#### [Required work]
Nothing but the lines from the first line of the records through the line with "Bouffants and Broken" should be output, exactly as written and free of pictures.

::::::

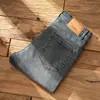 Calça Jeans Masculina Slim Fit Cintura Média Outono 2025 Nova Versátil Retro Vintage Masculina Slim Perna Reta Tendência Marca Jeans Masculino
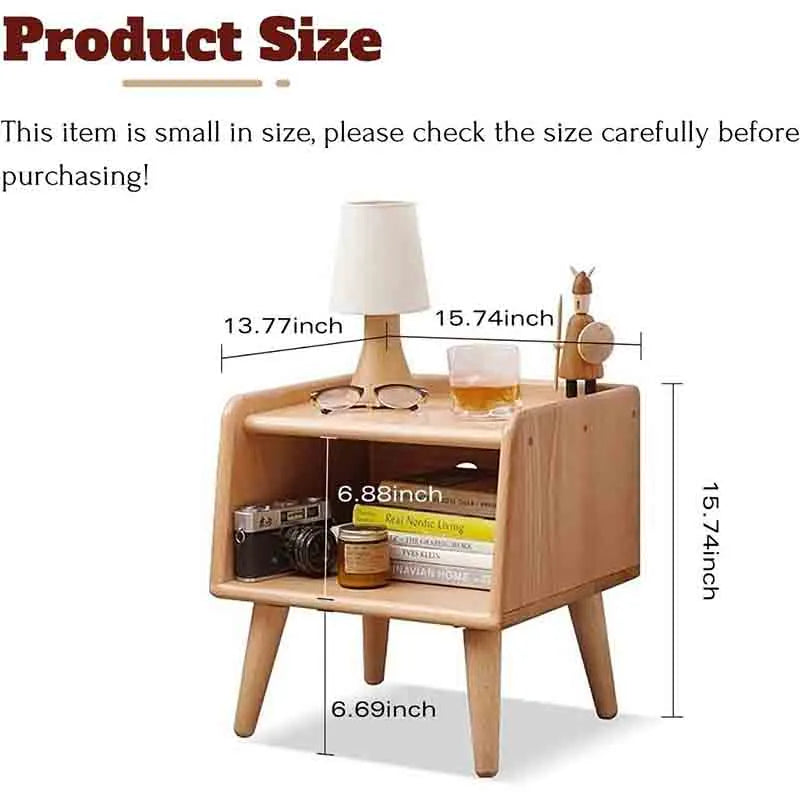 Yoobure Short Nightstand Solid Wood Nightstand with Storage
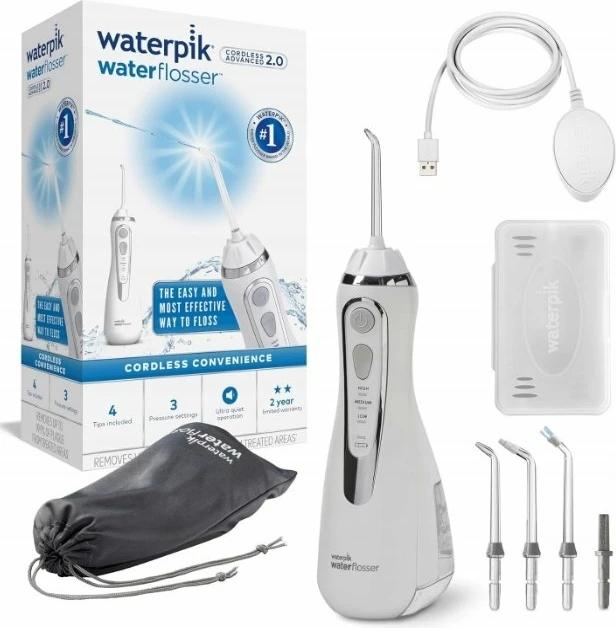 Irigator dentar Waterpik WP-580 Cordless Advanced 2.0, rezervuar 207 ml, bateri deri 45 min, 3 nivele presioni, 4 maja, i bardhë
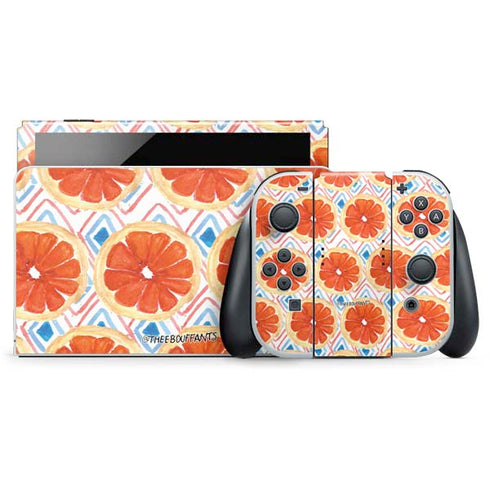 Bouffants and Broken Hearts Citrus Geo Nintendo Switch OLED (2021) Skin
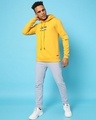 Shop Men's Yellow No Bad Vibes Typography Hooded Sweatshirt-Full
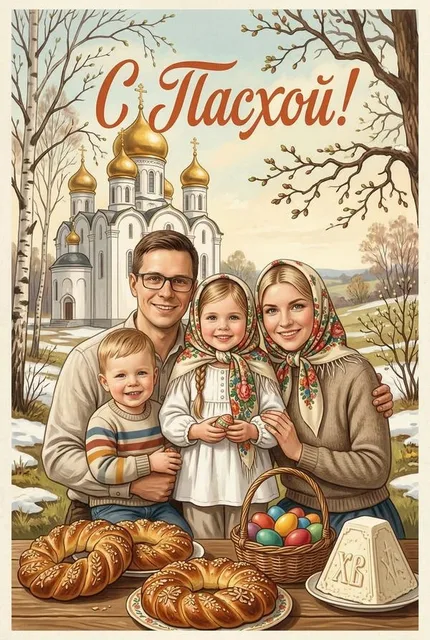 Праздничная пасхальная открытка 
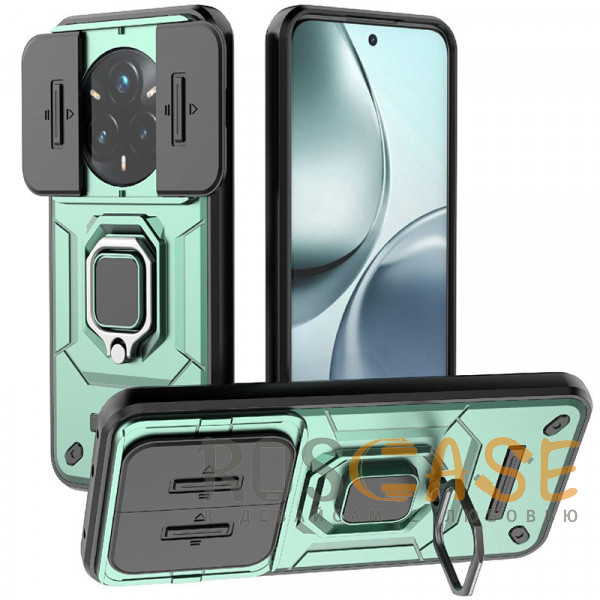 Фото Зеленый Transformer Ring Holder | Противоударный чехол с кольцом и шторкой камеры для Realme 14 Pro Plus 5G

::::::

#### [Task output]
 Calça Jeans Masculina Slim Fit Cintura Média Outono 2025 Nova Versátil Retro Vintage Masculina Slim Perna Reta Tendência Marca Jeans Masculino
 Yoobure Short Nightstand Solid Wood Nightstand with Storage
 Irigator dentar Waterpik WP-580 Cordless Advanced 2.0, rezervuar 207 ml, bateri deri 45 min, 3 nivele presioni, 4 maja, i bardhë
 Bouffants and Broken Hearts Citrus Geo Nintendo Switch OLED (2021) Skin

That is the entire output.